On God, Culture and Social Justice

Archive for the tag “algeria”

When You Stop Fearing, Fear Loses its Grip

In authoritarian states  people are ruled by fear. You’re told there is a king and if you challenge the king, you’ll die. And since people like to live in peace and stay alive,  they shut up about the king until it becomes unbearable.

As they say, we will only change when the pain of status quo is greater than the pain of change.

When people have had enough and decide they’re not afraid anymore, revolutions happen. Thousands upon thousands on the Tahrir square demonstrating. People taking up arms in Libya. Christians in Algeria saying, fine if you want to imprison us, build a bigger prison.

They refuse to be ruled by fear and fear loses its grip. Just like that.
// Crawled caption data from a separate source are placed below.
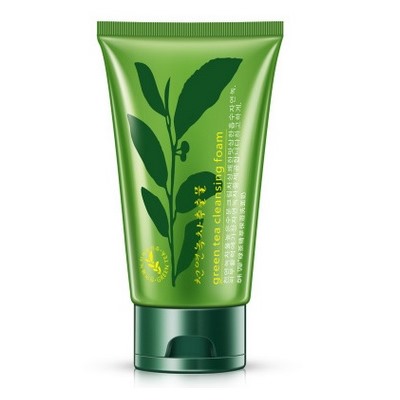 HCHANA GREEN TEA Увлажняющая пенка для умывания с зеленым чаем, 100 г ,6 шт/уп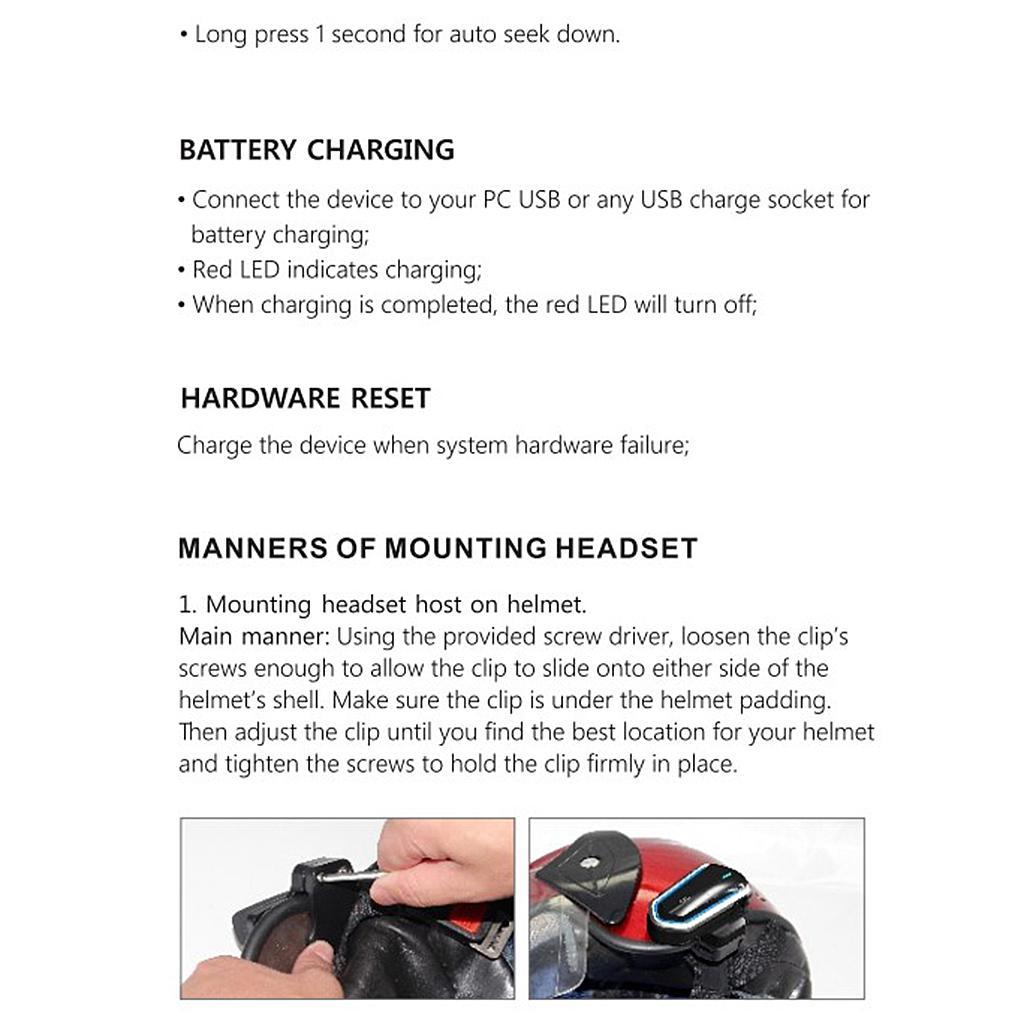 Bluetooth Motorcycle Headset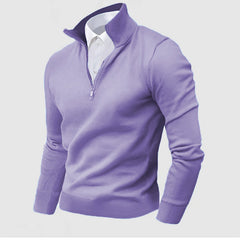 Men's Business Cashmere Outdoor Three-Quarter Zipper Sweater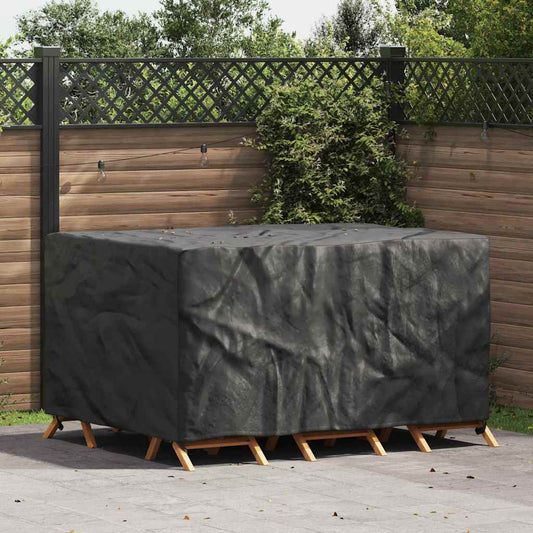 Gartenmöbelabdeckung Schwarz 180 x 120 x 74 cm 420D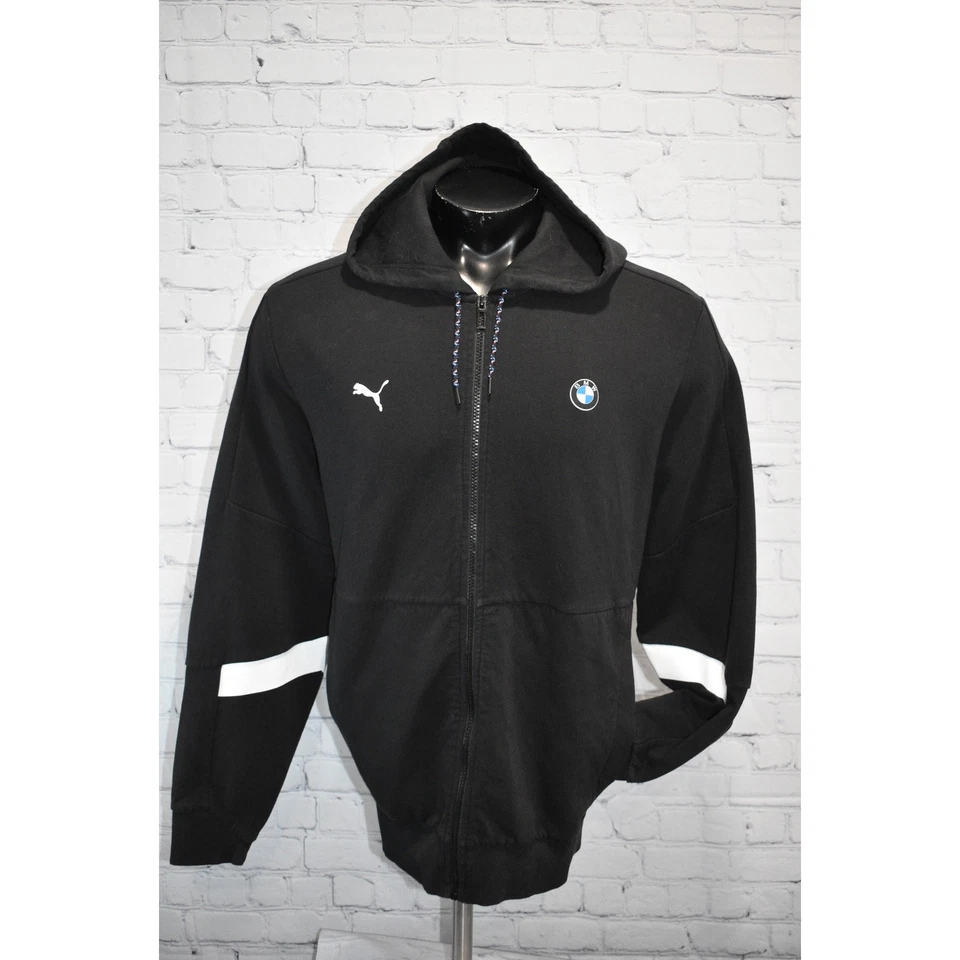 Chaqueta con Capucha PUMA Para Hombre Talla XL Negra BMW Motorsports Performance Cremallera Completa Foto 2 de 4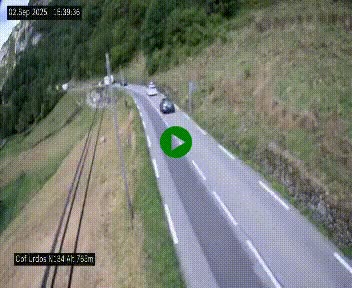 <h2>Webcam dans les Pyrénées Atlantique au niveau du col d'Urdos et du fort du Pourtalet sur la N134, en direction du Col et du tunnel du Somport, à 765 mètres d'altitude</h2>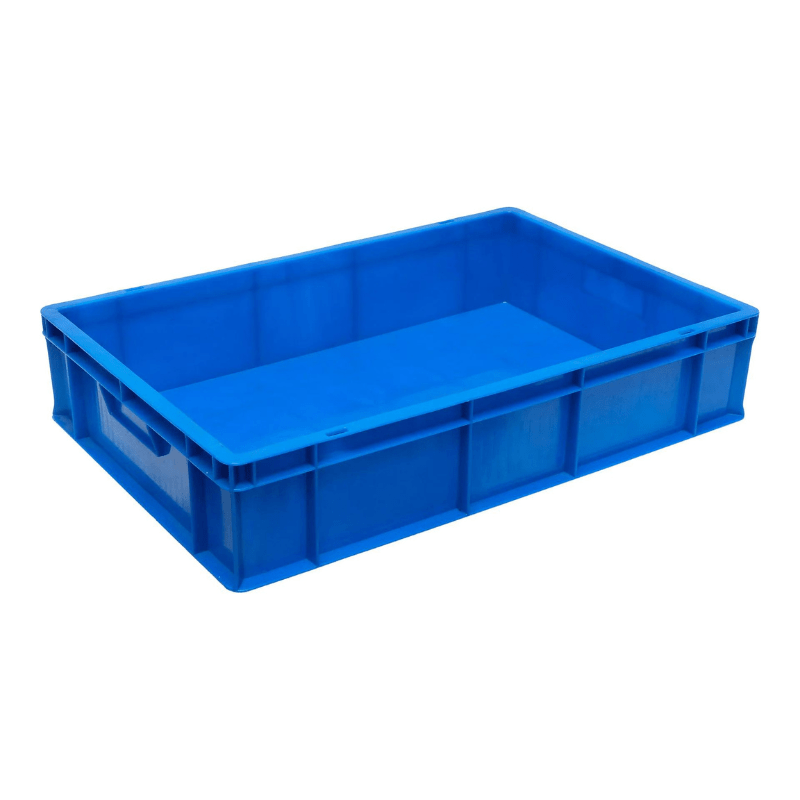 Storage Box Durable Closed Crate - Blue - Al Ghani Stores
The Bible says fear not for every day of the year. The only good fear the good book talks about is the fear of God. For Christians you could define fear Biblically:  fearing people more than fearing God. When we see the people and circumstances around us as greater than God, we’re in distress. But when the tables are turned and we see a good God absolutely in charge, fear is expelled. We’re more afraid of Him than of others. It is liberating to know that ultimately, whatever happens God knows what he is doing and nothing, no thing, can happen without him seeing it.

The Weight of Calling

French monks lead a quiet life in the Atlas mountains of Algeria, until a band of terrorists arrive. Based on a true story the French film, Des hommes et des dieux, paints unhurriedly a picture of the decision the monks have to make. Namely, to stay and face likely death or to leave, but to what?

In a slow moving, reflective and beautiful way the film describes the peaceful life these Christian monks live side by side with their Muslim neighbors. This has been (and is) the reality in many countries, until war or extremism breaks out and cuts divisions hard to bridge. In a moving scene the monks reveal their plans of escape, saying they are like birds on a branch. A Muslim lady from the village responds, you can’t leave. We are like the birds and you are the branch, you carry us.

This tips the scales towards staying.  Many of them have to go back to their original calling of becoming monks, and of becoming followers of Jesus. They gave up their lives already then.

The film is moving in its portrayal of making a heavy choice, weighing the pros and the cons and still making the tough call of staying, of risking ones life. Then when the inevitable happened, they were ready.

In the face of violence and hatred, they had peace and faith. They were true heroes, who willingly laid down their lives for the sake of a greater cause. Who can argue with that?